Since the agreement on the untranslated content is not strikingly high as one would expect, a manual analysis of the sentences is conducted. It turns out that as far as untranslated content is concerned, annotators mostly disagree on proper nouns. Also, untranslated word to which a suffix is added in accordance with target language grammar is treated by one of the annotators as unintelligible and by others as untranslated.

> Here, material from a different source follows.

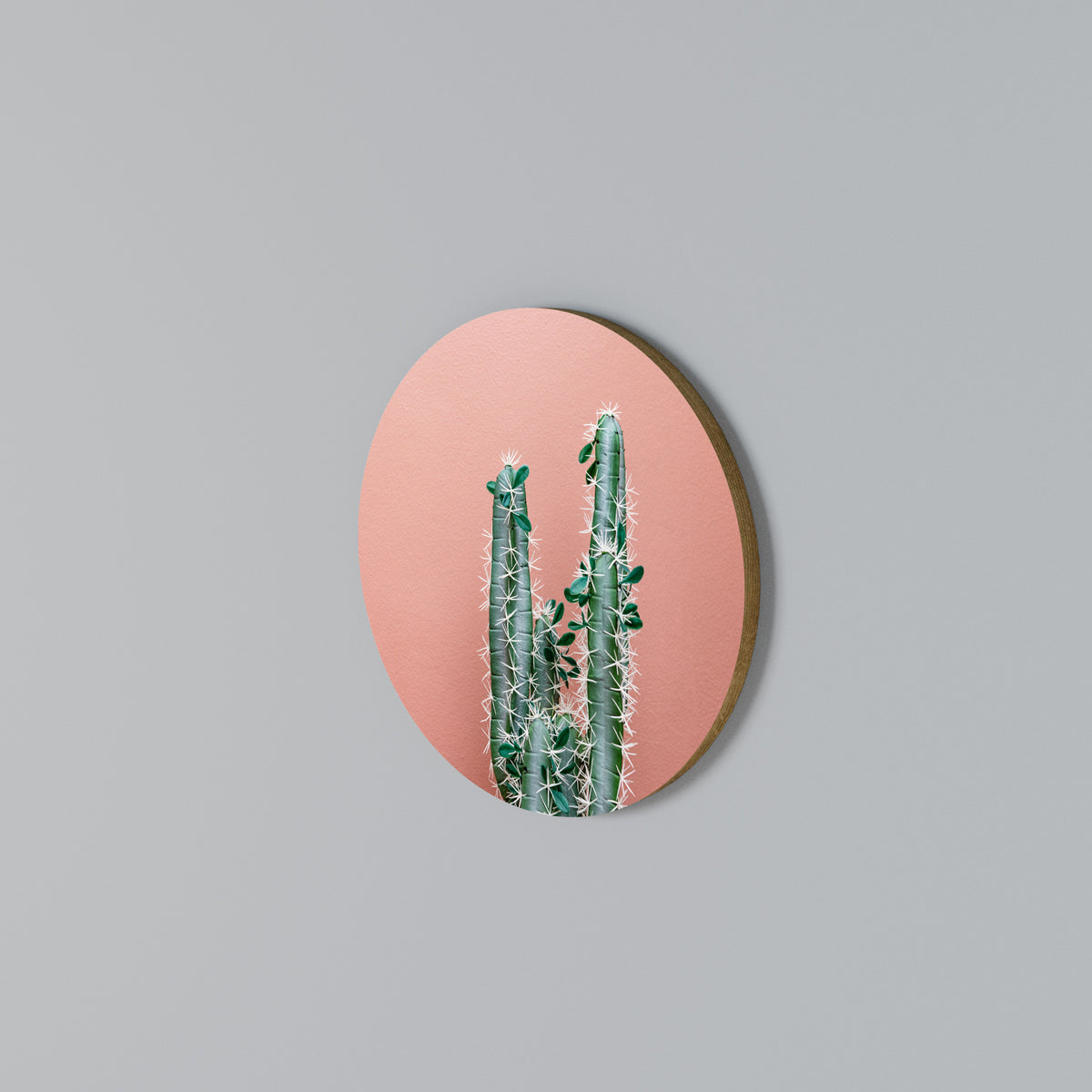 LORD CACTUS Kulatá nástěnná dekorace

A particular attention is paid to the sparse annotation types. It can be concluded that it is worth investigating whether even intra-annotator agreement would reach substantial level. For example, a period missing after the year has once been annotated as locale convention and some other time as typography by the same annotator. By taking a closer look at the explanations given previously, the annotator’s confusion is justified. First the annotators are instructed to annotate issues related to the mechanical presentation of the text (punctuation is used) as typography, and later on using a comma (,) instead of a period (.) as a thousands separator is provided as an example of locale convention issue. Although some errors stem from incomplete or confusing instructions, some can be attributed to the lack of attention. Some annotators fail to detect some issues (e.g. ft as the unit of measure), morphologically wrong term has been identified as misspelling by one of the annotators, style annotation has been applied to one pronoun, although instructions explicitly say that such cases should be annotated as grammatical register, etc.

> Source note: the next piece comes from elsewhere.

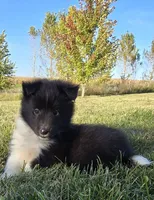 Cooper, a male Shetland Sheepdog for sale in Luray, MO – 5 of 9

Annotators did not report any bugs or problems with the developed application. However, during the result analysis phase it became obvious that some features had to be added. The main drawback was that one had to use additional tools and filters on the project files for more in-depth analysis which included calculating Cohen’s and Fleiss’ kappa scores. It would be extremely useful if the scores could be obtained from the very app. The first feature should enable reading in two project files and calculating Cohen’s kappa scores per error as well as per error type on a sentence basis. The second should enable reading in any number of project files and calculating Fleiss’ kappa score on the same basis.
More importantly, the results presented in this paper raise concerns about employing students as annotators since it is difficult to measure their background knowledge and select those with similar knowledge levels. Although one might conclude that not even awarding additional credits motivates annotators enough to read guidelines and study examples, it seems plausible that guidelines and examples are too simplistic and that annotators lack training on a set of sentences compiled from the same source as the test set. An evaluation filter might also be employed which would correct annotations of less competent evaluators. In that way the annotation process might be conducted in two passes – first pass by all the annotators and then second pass by the ‘super-annotator’, i.e. someone who is more competent or has the best score on the test taken by annotators. To conclude, the goal of the analysis presented in this and similar papers should not be merely pursuing high IAA but aim at obtaining high-quality annotations as these affect the future of MT. In future researches a similar test set with referent annotations will be prepared and a training on these real-world examples will be conducted prior to the annotation task. A suggested two phase annotation procedure will also be further investigated.